Почему такую любовь заслужила «Катюша» у всех слоев населения? Ведь это перелицованный «Чубчик»!
Тайна таланта. Всего «чуть-чуть» — и шедевр. Шпиллер не сказала: даже Лидия Русланова, которая не исполняла композиторов-современников (исключение — две-три песни), во время войны записала ее на пластинку. Поистине — народная песня. Народнее «Чубчика»!



КАБИНЕТ — ДРУГ ПИСАТЕЛЯ

Из «Мгновений» Юрия Бондарева — миниатюра «Кроткий престарелый господин»:
«Мир, который строит талант Набокова, почасту показывает себя ложным, недостаточно глубоким, чересчур пахнущим литературщиной, оставляющим нередко безразличным к придуманным им персонажам»; «в его прозе злая, ядовитая игра слов, выверенный кабинетный пинг-понг»; Набоков «не мог приблизиться… к алмазно-снежным высотам бунинской прозы»…
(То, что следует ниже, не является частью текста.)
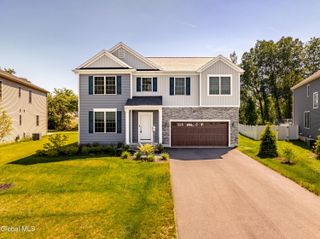 27 Wheatfield Way, Mechanicville, NY 12118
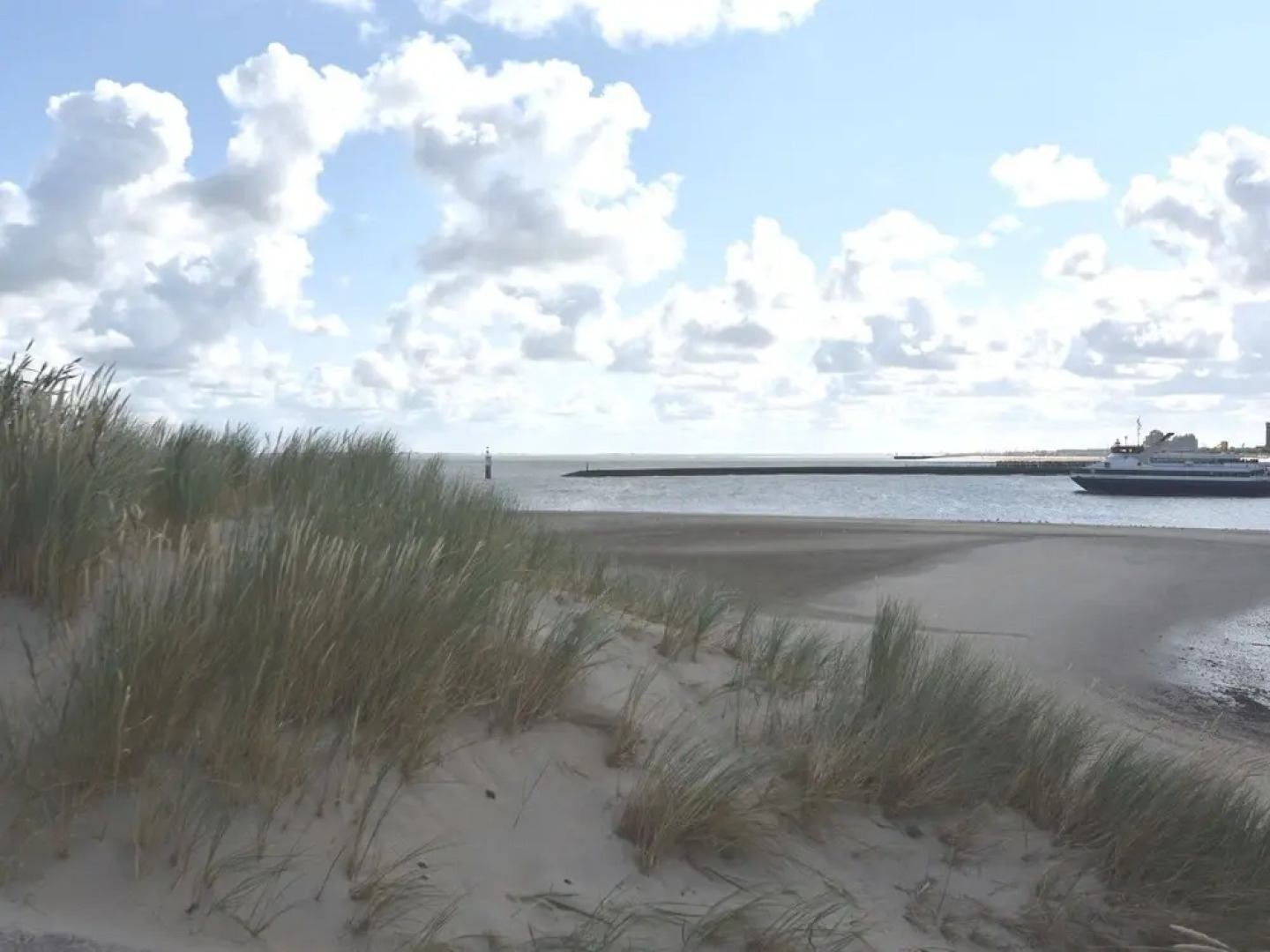 Quiet Holiday Home in Nieuwvliet With a Lounge Area by the sea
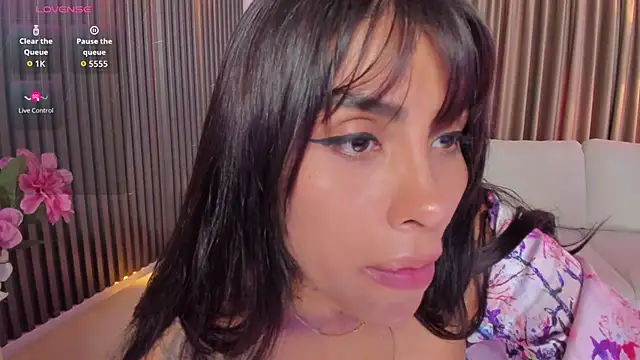 Sarah_Stone_のライブXXXチャット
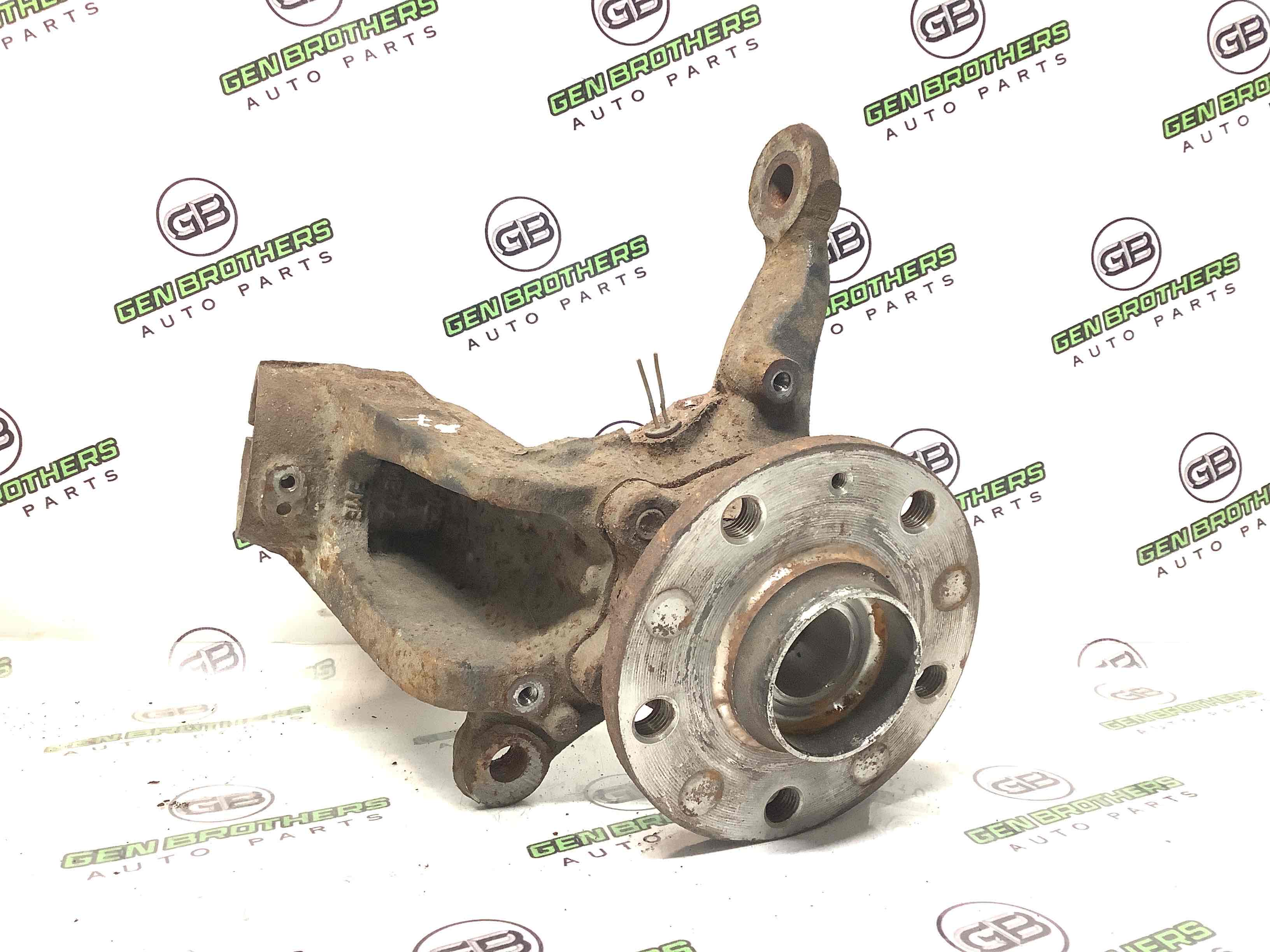 Кулак поворотний лівий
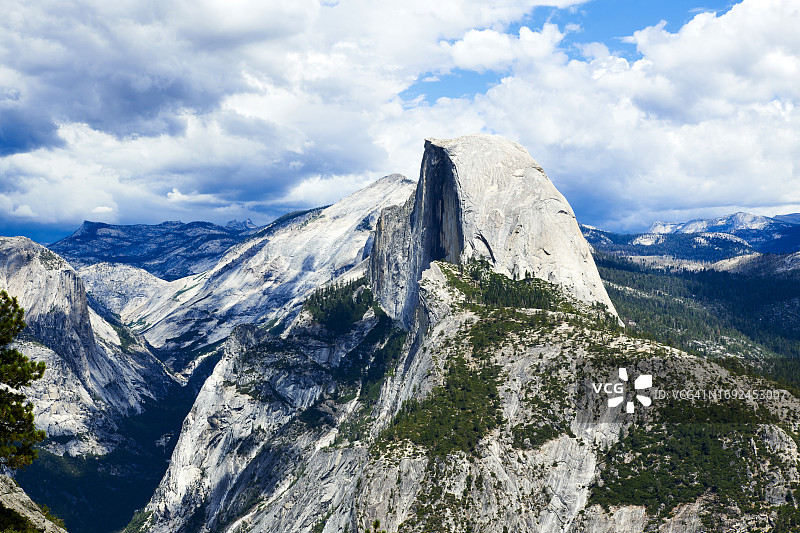 美国加利福尼亚州优胜美地国家公园冰川点图片素材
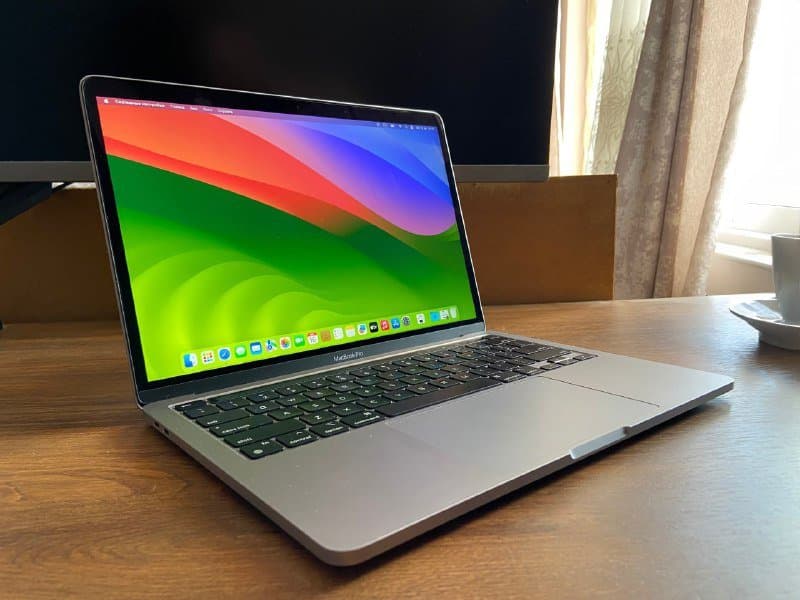MacBook Pro 2020 13,3 M1 8GB RAM 256GB SSD 3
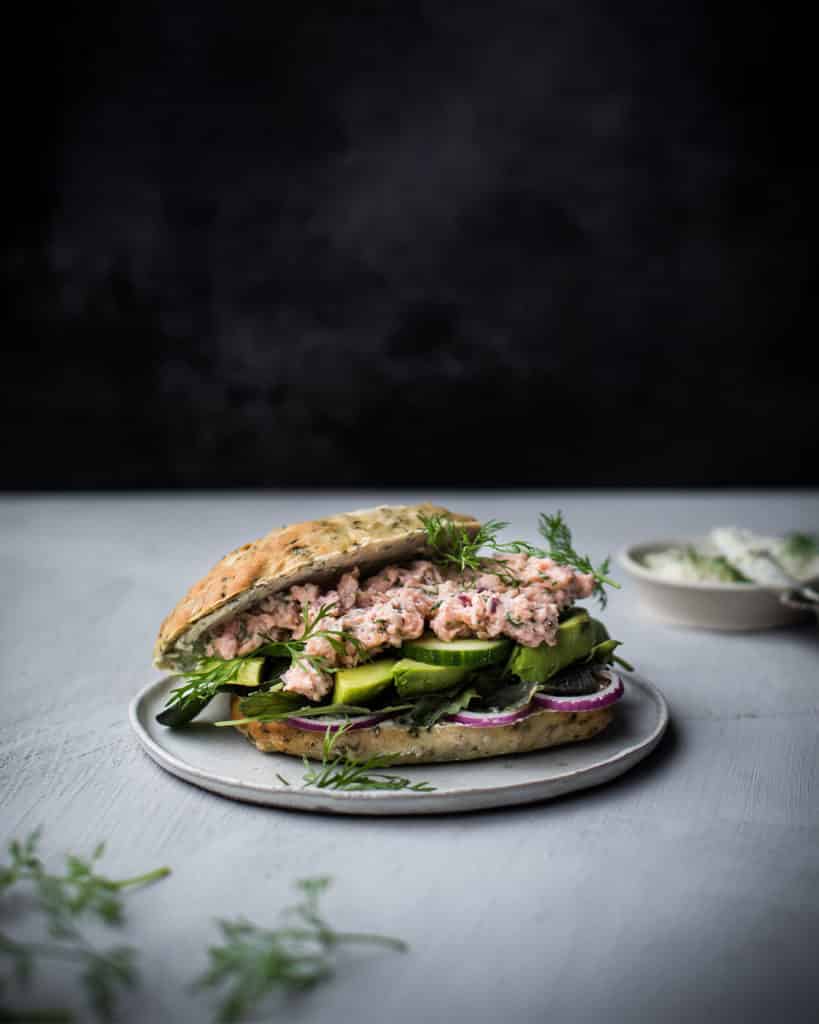 Sådan laver du spinatboller med røget laksemousse, friskost og avokado. Få Camille Maja Christensens opskrift på en grøn ret med ost.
И такое написал блестящий стилист, самый, по моему мнению, «литературный» писатель фронтового поколения? Уж у кого, как не у Бондарева, язык — выверенный, «кабинетный»! Да только в самом лучшем смысле этого слова. Вот всего два отрывка из «Мгновений»:
«Лежал при синеватом свете ночника, никак не мог заснуть, вагон несло, качало среди северной тьмы зимних лесов, мерзло визжали колеса под полом, будто потягивало, тянуло постель то вправо, то влево…»;
«Раскрылась дверь передо мной, я вошел в комнатку, забитую мрачными сумерками, и от входной двери придвинулась, качаясь, ко мне маленькая, безобразно толстая женщина в светлеющем платье, с неприятно рыхлой грудью. И тут я почувствовал, как радостно раскрылись ее объятья, и белое липкое тесто щек прикоснулось к моему лицу».
Из такой «кабинетной литературщины», где все до мелочей продуманно, где каждая фраза стилистически изобретательна, состоят все бондаревские «Мгновения». Но что мне за дело до этих холодных, бесполезных, мало что объясняющих слов: литературщина, кабинетно, изобретательно, — если и Набоков, и Бондарев — само волшебство русского языка, со всеми его оттенками.
Не понял я претензий Бондарева. Это, видимо, что-то специфическое, «писательское».